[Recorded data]
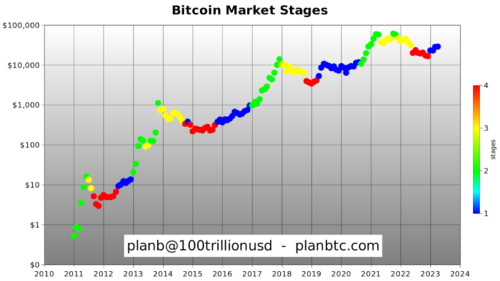 Создатель модели Stock-to-Flow считает, что бычий рынок для биткоина уже начался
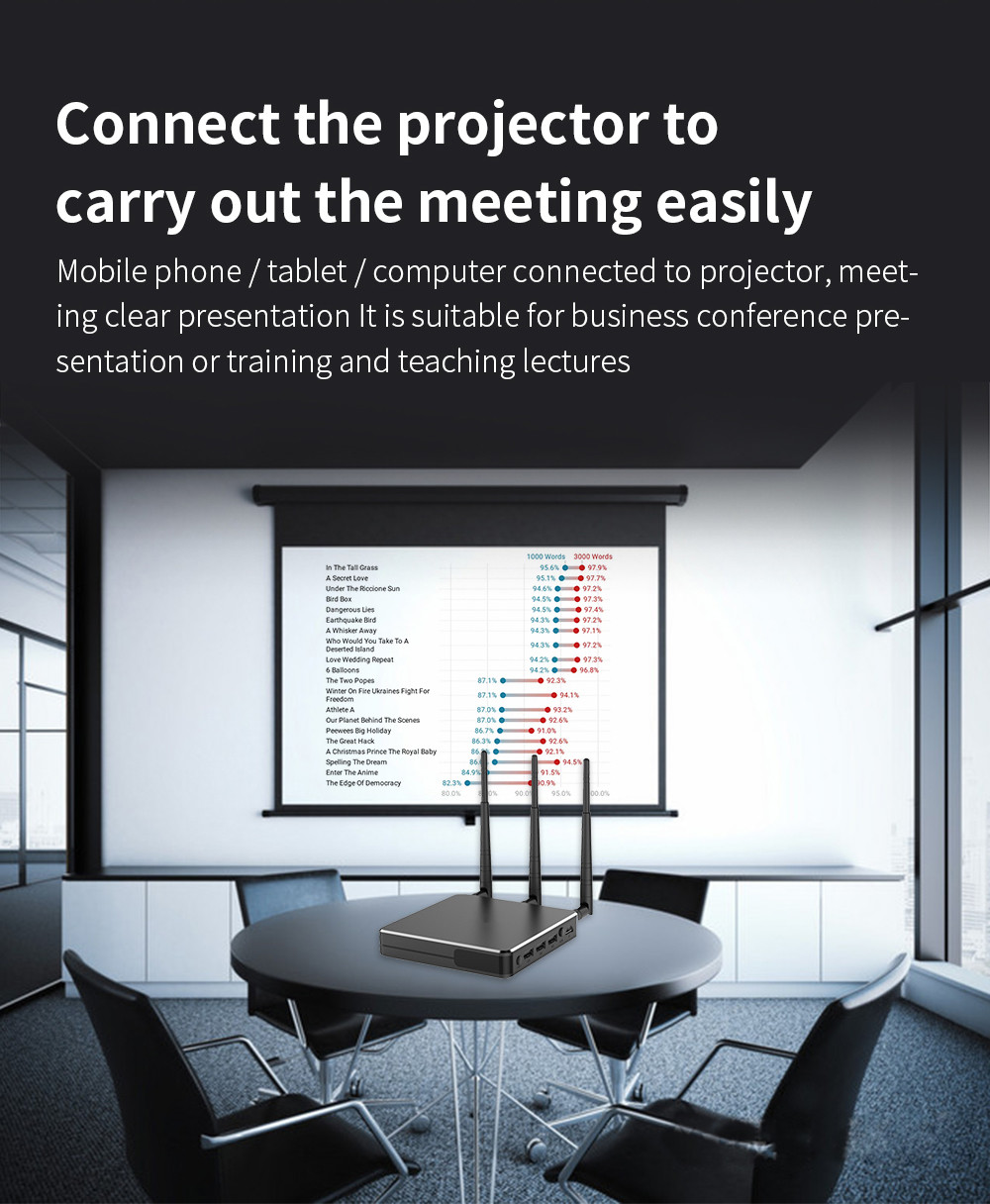 4K Image Wireless Presentation System Screen Mirroring For Meeting Room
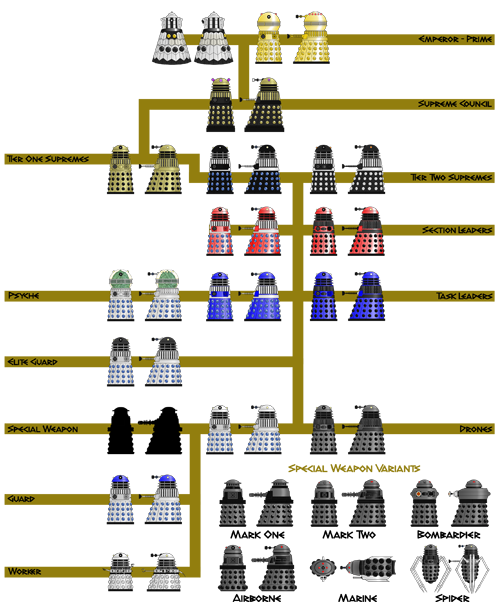 First Dalek Empire Hierarchy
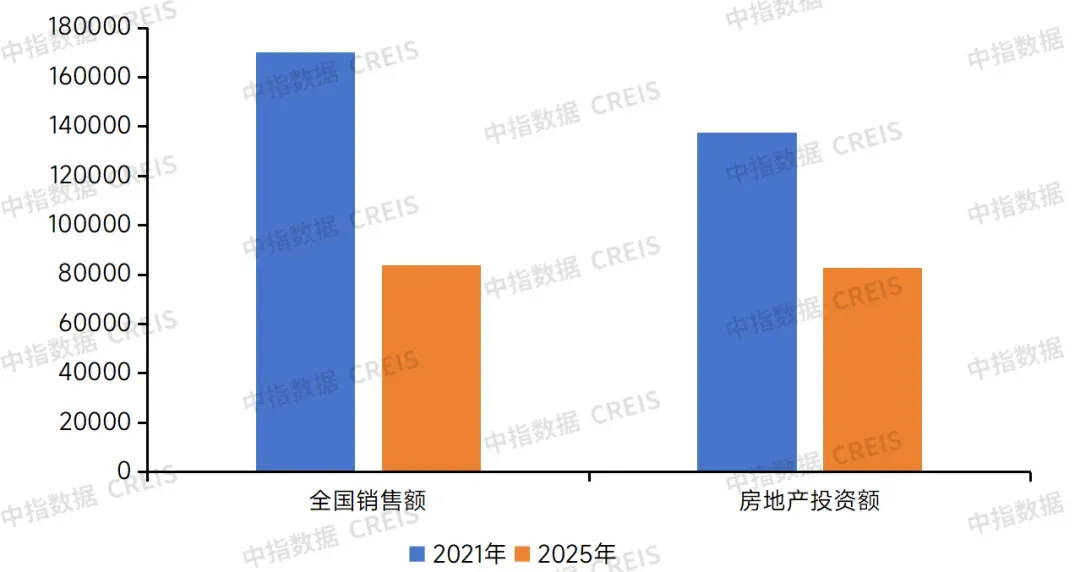生存为本,发展为要——市场调整期中国房地产企业破局之道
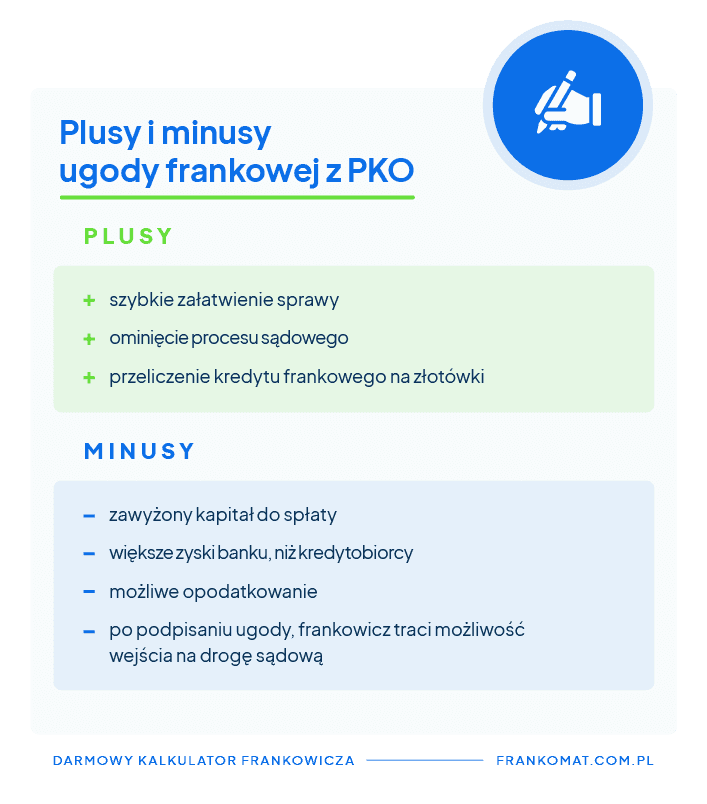 ugody pko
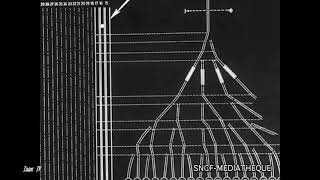 Les gares de triage modernes 1949 [upl. by Sitarski]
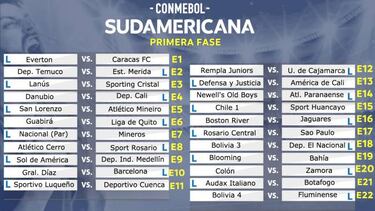 Rivales de América, Cali, DIM y Jaguares en Sudamericana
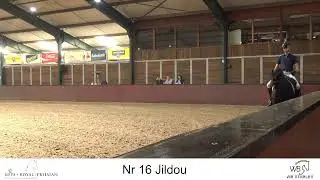 Eindbeoordeling ABFP test 2 | Dinsdag 14 mei 2024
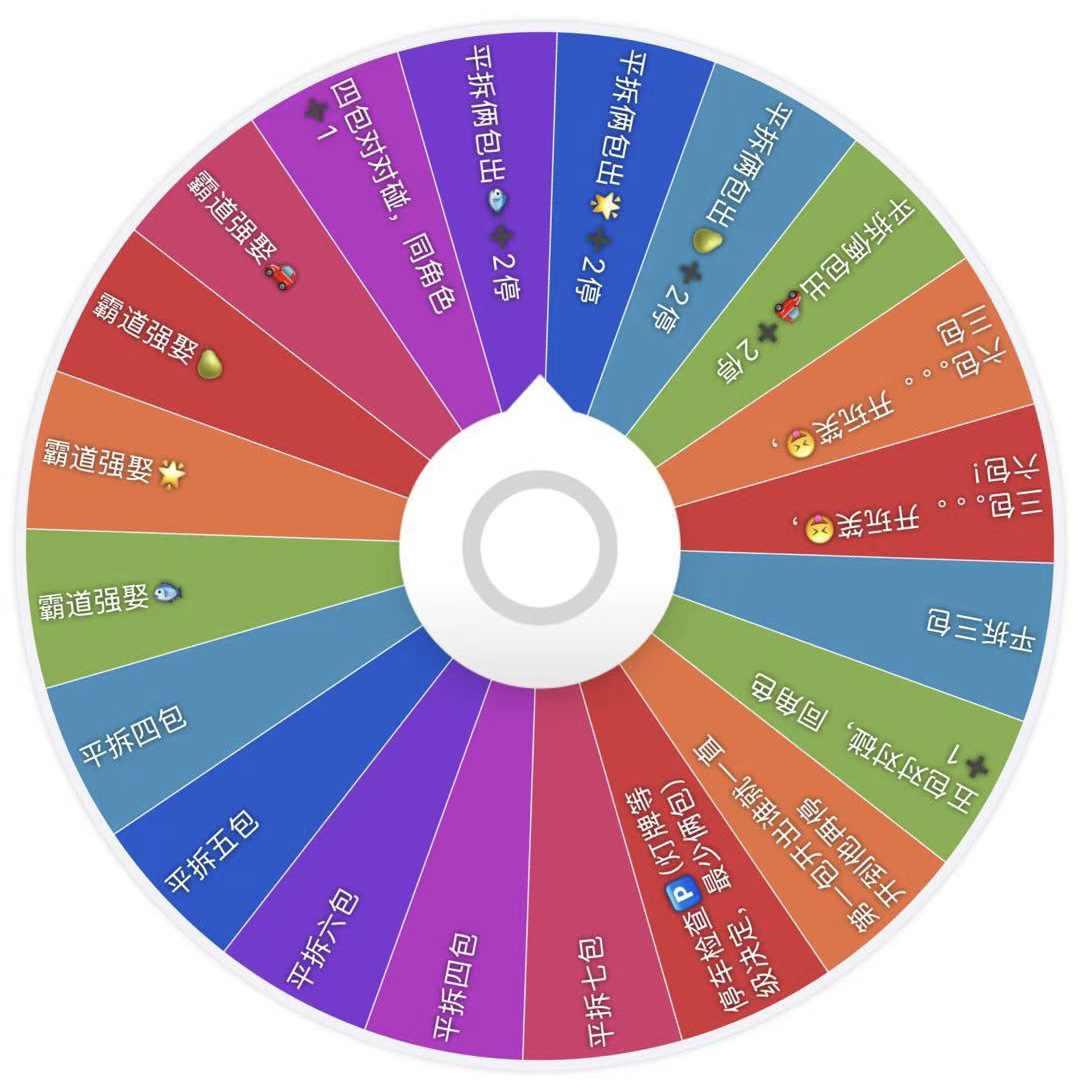 【爽吃转盘】内含恋与深空任意贴猫猫钥匙扣盲盒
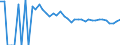 Indicator: 90% Confidence Interval: Upper Bound of Estimate of Percent of People of All Ages in Poverty for Presidio County, TX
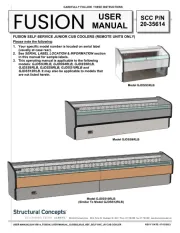Structural Concepts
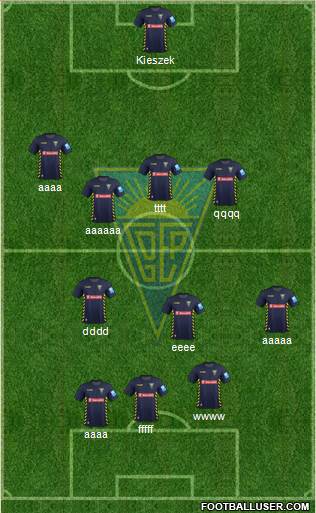 Estoril Praia Futebol - SAD Formation 2015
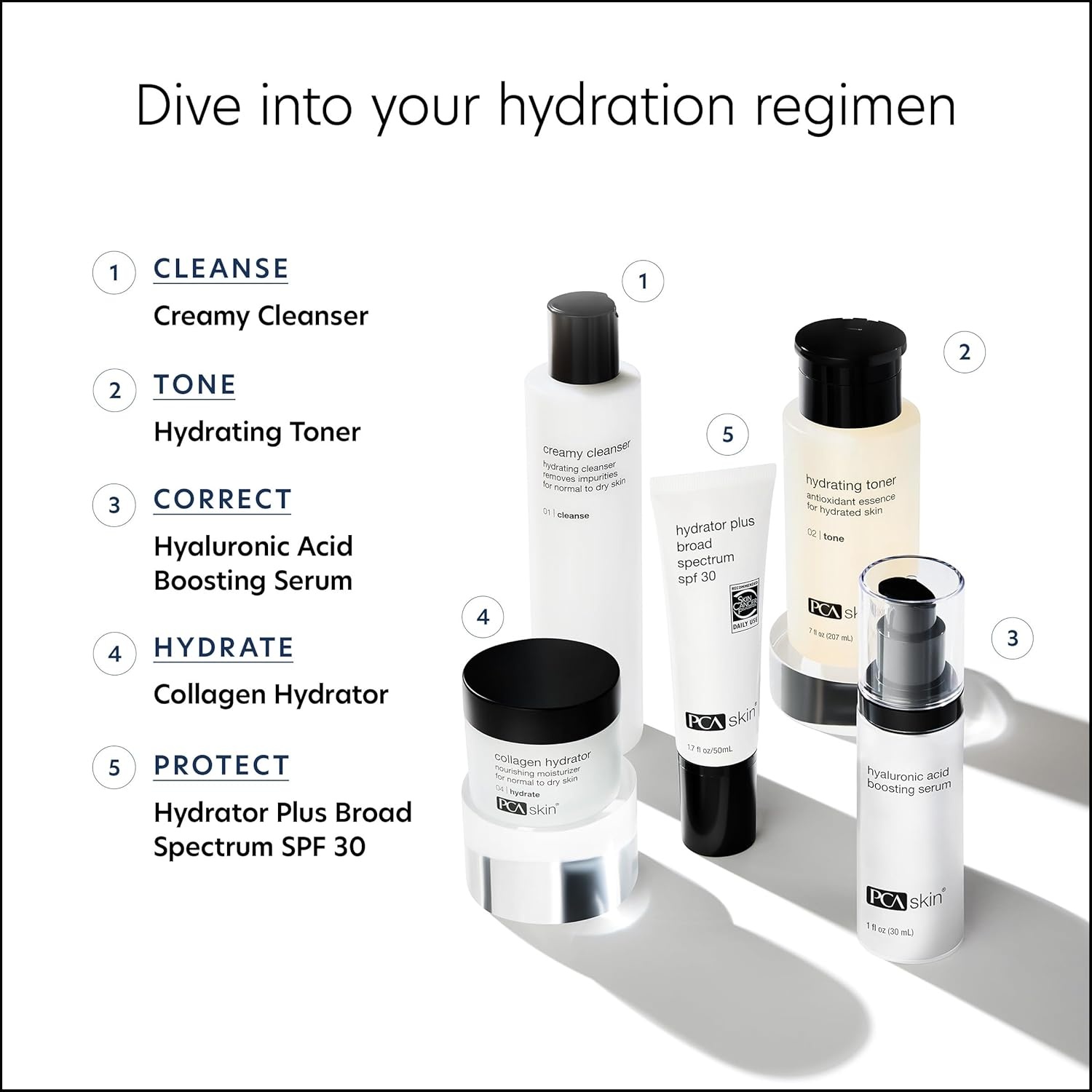 image:imagePCA SKIN Hyaluronic Acid Boosting Face Serum Hyaluronic Acid Serum for Face Made with Niacinamide and Ceramides Helps Reduce Fine Lines and Wrinkles and Delivers 24Hour Moisturization 1 oz Pump3 fl oz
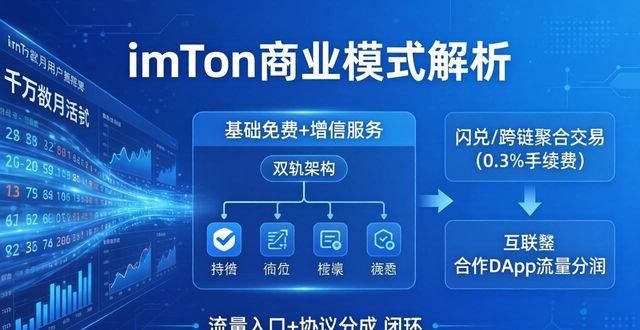 通用商业软件_通用型和商城型_imToken通用版的技术创新与商业模式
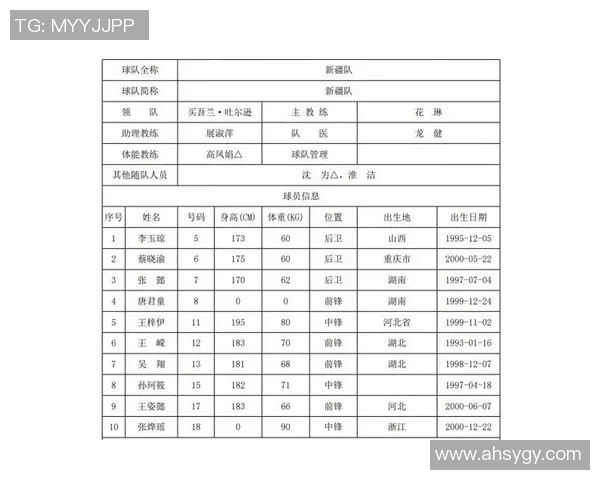 西安篮球队在篮球战术排行榜中荣登第4名展现强大实力与潜力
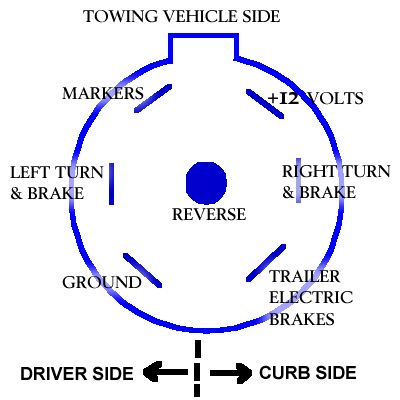 7 Pin Round Trailer Connector Wiring Diagram from www.f150forum.com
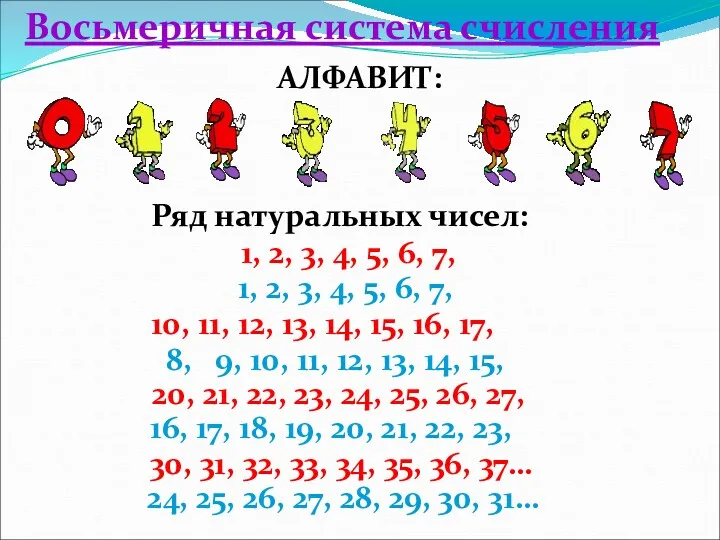 Восьмеричная система счисления АЛФАВИТ: 1, 2, 3, 4, 5, 6,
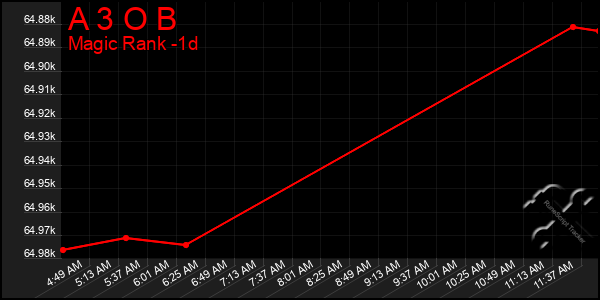 Last 24 Hours Graph of A 3 O B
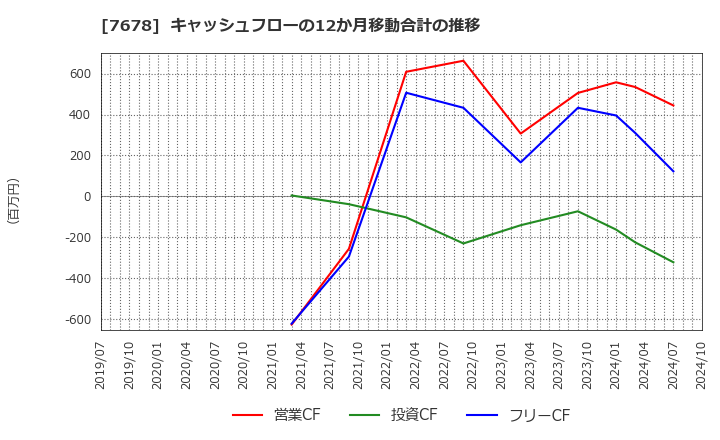 7678 (株)あさくま: キャッシュフローの12か月移動合計の推移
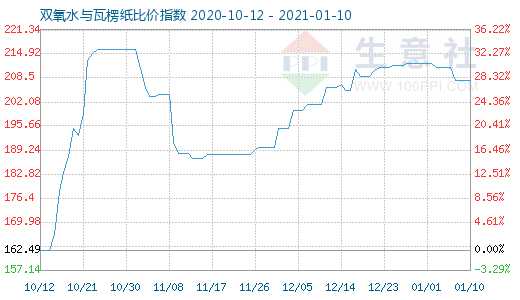 1月10日雙氧水與瓦楞紙比價指數(shù)圖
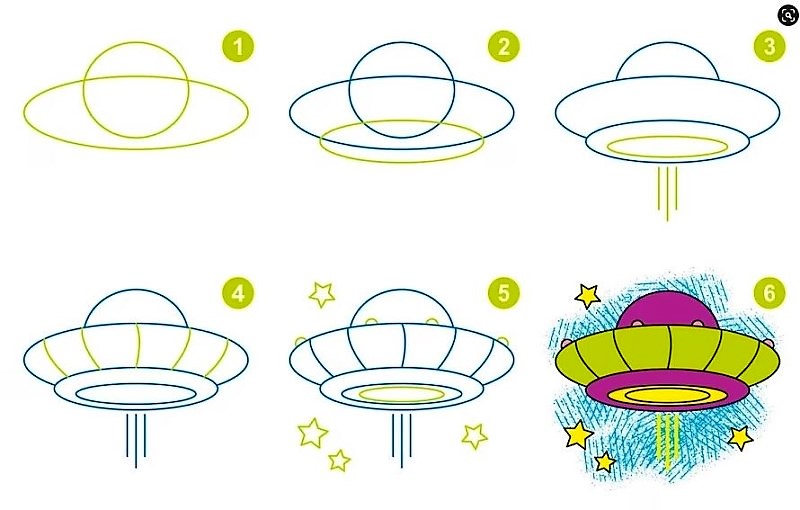 Standart bir UFO yola çıkıyor çizimi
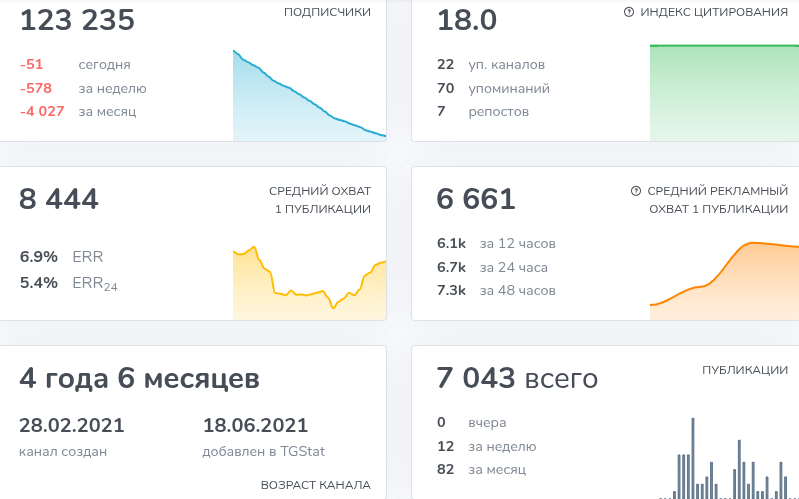 crypto inner circle тг канал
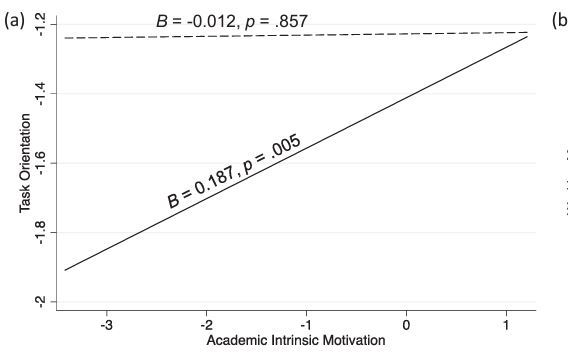 Jenna Finch (@jennafinch823) on Twitter photo Finally get to share a new paper with Ana Saavedra and <a href="/dr_jobradovic/">Dr. Jelena Obradovic</a> ! We showed that academic intrin motiv served as a protective factor for children's self-reg classroom behav (e.g., staying on task, adapting to unexpected changes) for stud whose parents have less educ. 1/ Finally get to share a new paper with Ana Saavedra and <a href="/dr_jobradovic/">Dr. Jelena Obradovic</a> ! We showed that academic intrin motiv served as a protective factor for children's self-reg classroom behav (e.g., staying on task, adapting to unexpected changes) for stud whose parents have less educ. 1/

◆ WORK INSTRUCTIONS ◆
Leave out every picture, and copy exactly the lines above starting at the one holding "4K Image Wireless" and ending at the one holding "西安篮球队在篮球战术排行榜中荣登第4名展现强大实力与潜力", no more and no less.

◆ TASK SOLUTION ◆
 4K Image Wireless Presentation System Screen Mirroring For Meeting Room
 First Dalek Empire Hierarchy
生存为本,发展为要——市场调整期中国房地产企业破局之道
 ugody pko
 Les gares de triage modernes 1949 [upl. by Sitarski]
 Rivales de América, Cali, DIM y Jaguares en Sudamericana
 Eindbeoordeling ABFP test 2 | Dinsdag 14 mei 2024
 【爽吃转盘】内含恋与深空任意贴猫猫钥匙扣盲盒
 Indicator: 90% Confidence Interval: Upper Bound of Estimate of Percent of People of All Ages in Poverty for Presidio County, TX
Structural Concepts
 Estoril Praia Futebol - SAD Formation 2015
 image:imagePCA SKIN Hyaluronic Acid Boosting Face Serum Hyaluronic Acid Serum for Face Made with Niacinamide and Ceramides Helps Reduce Fine Lines and Wrinkles and Delivers 24Hour Moisturization 1 oz Pump3 fl oz
 通用商业软件_通用型和商城型_imToken通用版的技术创新与商业模式
 西安篮球队在篮球战术排行榜中荣登第4名展现强大实力与潜力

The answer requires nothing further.